I dug a quart Ball Perfect Mason jar tonight with mold number 41 on the bottom. I know that the 25, 41 and 51 were not usual mold numbers. This is the first one that I have found with a number higher than 15. Is there any significant value to a quart 41, or is it just another common Perfect Mason? Many Thanks, Jim


----------



## bobclay (Jul 22, 2006)

Hi Jim,

 The number 41 and 51 are definitely not a common jar, and I've only heard of 1 number 25. But they really have little value other than for someone trying to complete a set of the known mould numbered Perfect Mason jars.
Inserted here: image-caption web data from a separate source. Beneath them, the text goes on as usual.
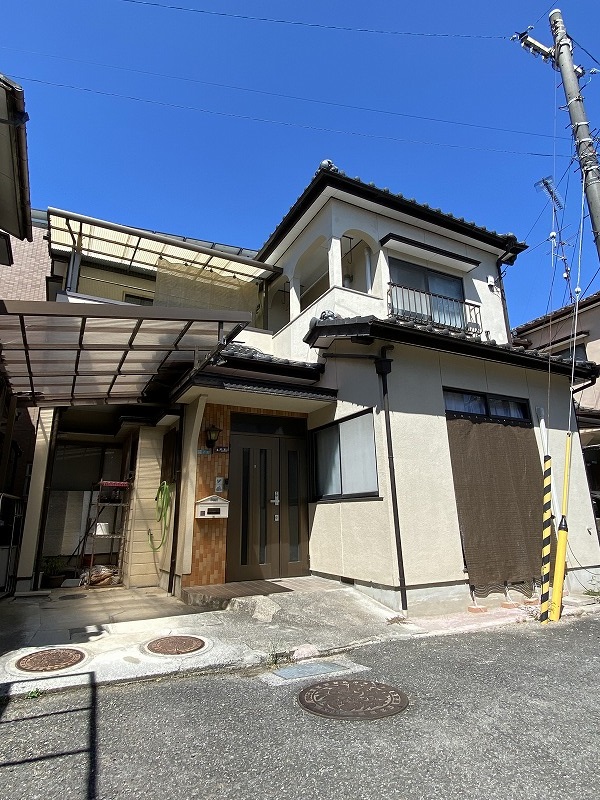 松山市古川西3丁目（中古住宅）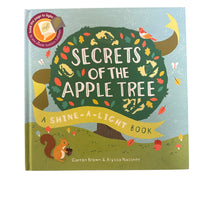 Book | Secrets of the Apple Tree | Shine a Light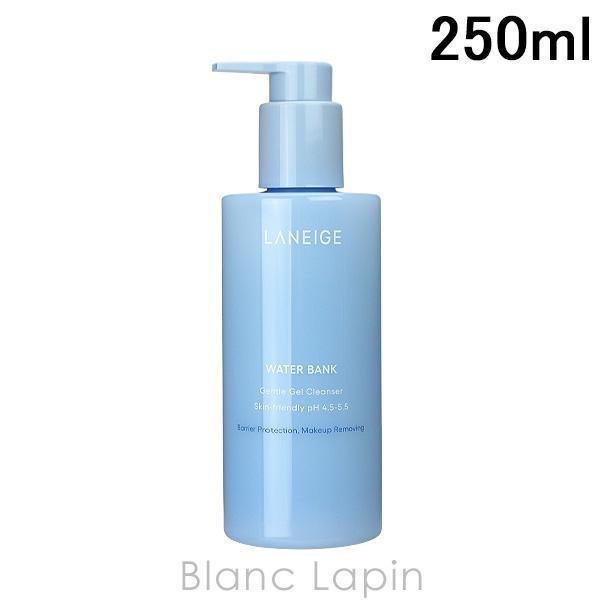 ラネージュ LANEIGE ウォーターバンク ジェントルジェルクレンザー 250ml クレンジングジェル [206342]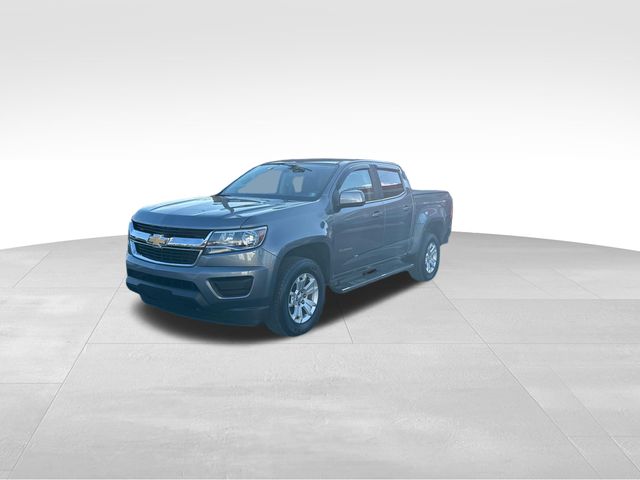 2019 Chevrolet Colorado LT Crew Cab 4WD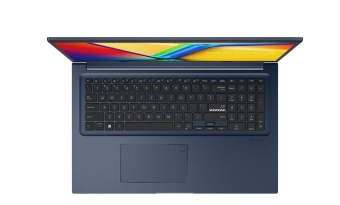Ноутбук ASUS VivoBook X1704VA-AU692 i5 1335U/16G DDR4/512 SSD/Intel Iris Xe/17.3"FHD/DOS/Blue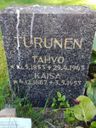 Record image of Kaisa Heikintytär Turunen (o.s. Koponen)
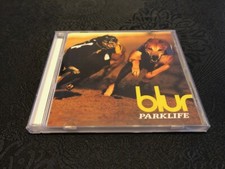 Blur parklife 1994 d'occasion  Lorient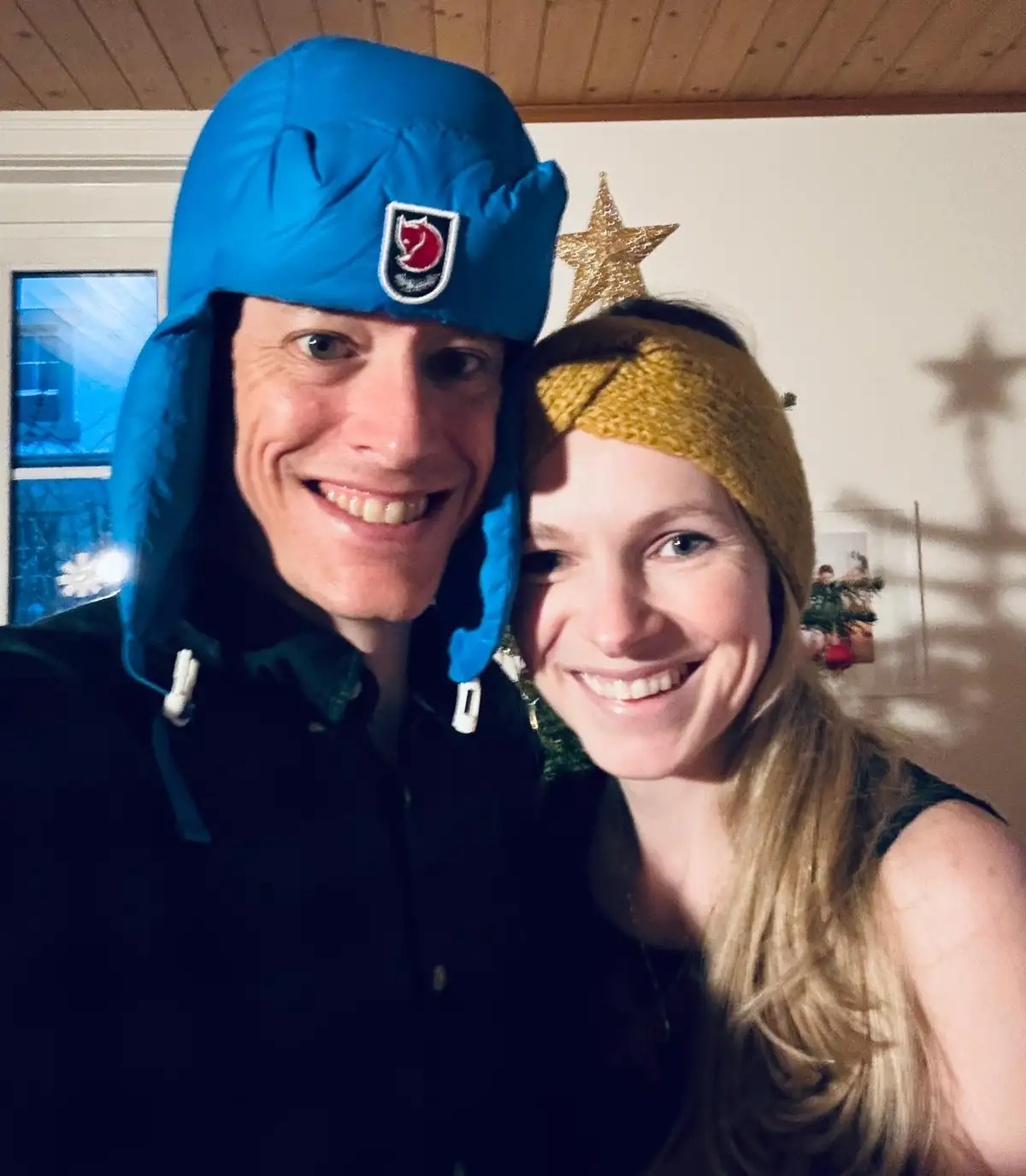 Warm Christmas Greetings from the Beautiful Swiss Alps!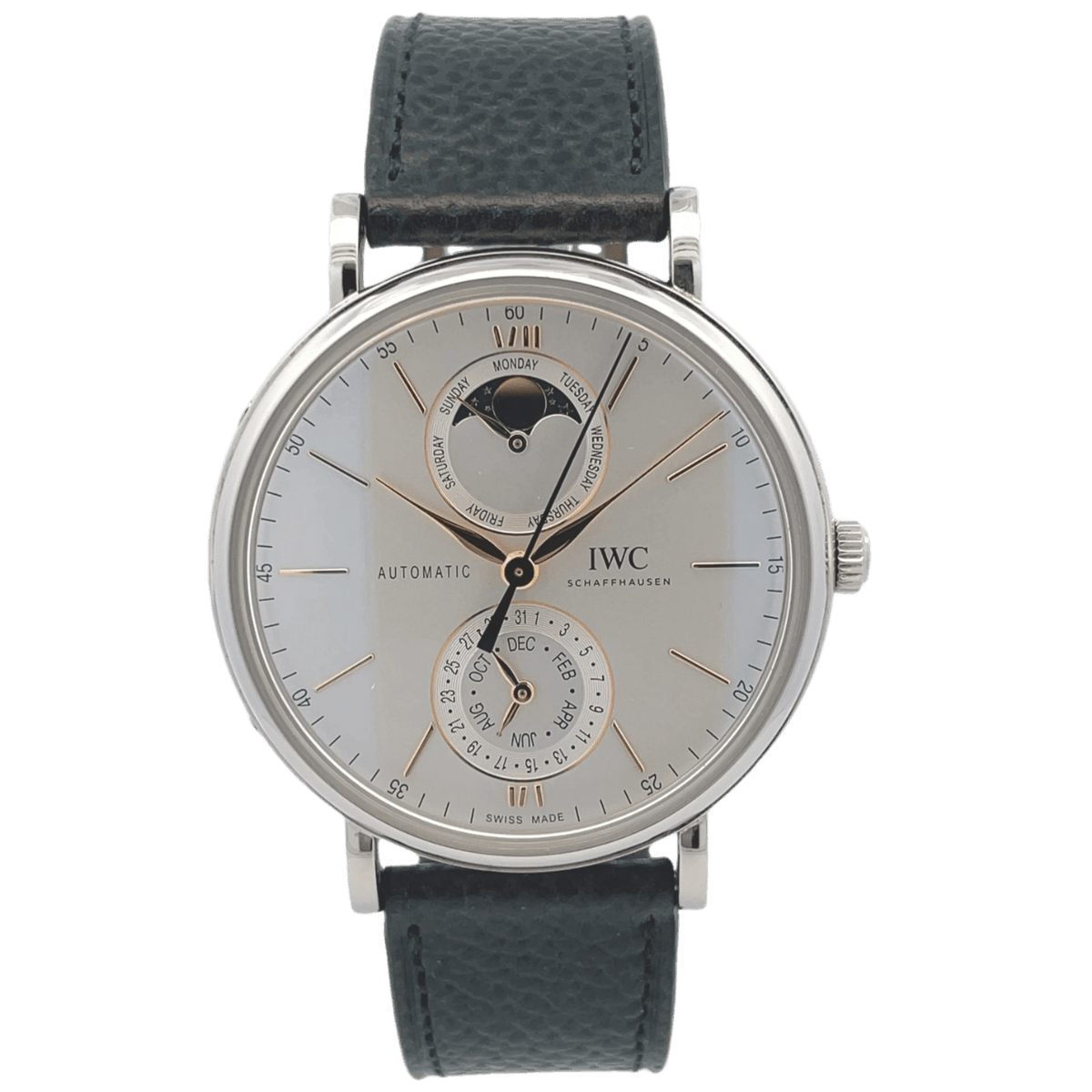 IWC Portofino Complete Calendar (IW359001)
Here's one of these on ebay right now so you can see what kind of $$$ it brings:

 http://cgi.ebay.com/ws/eBayISAPI.dll?ViewItem&item=160008145599

 Bob Clay


----------



## Jim (Jul 22, 2006)

Thanks, Bob. I'll keep an eye on that one and see what it brings. I may just keep the one I found. I had never seen even a broken base with one of the higher numbers, and I find lots of good and broken Perfect Masons. I usually don't keep them because most of them are so common, but I always look at the mold number to be sure. Thanks again for the info on the 41. Jim


----------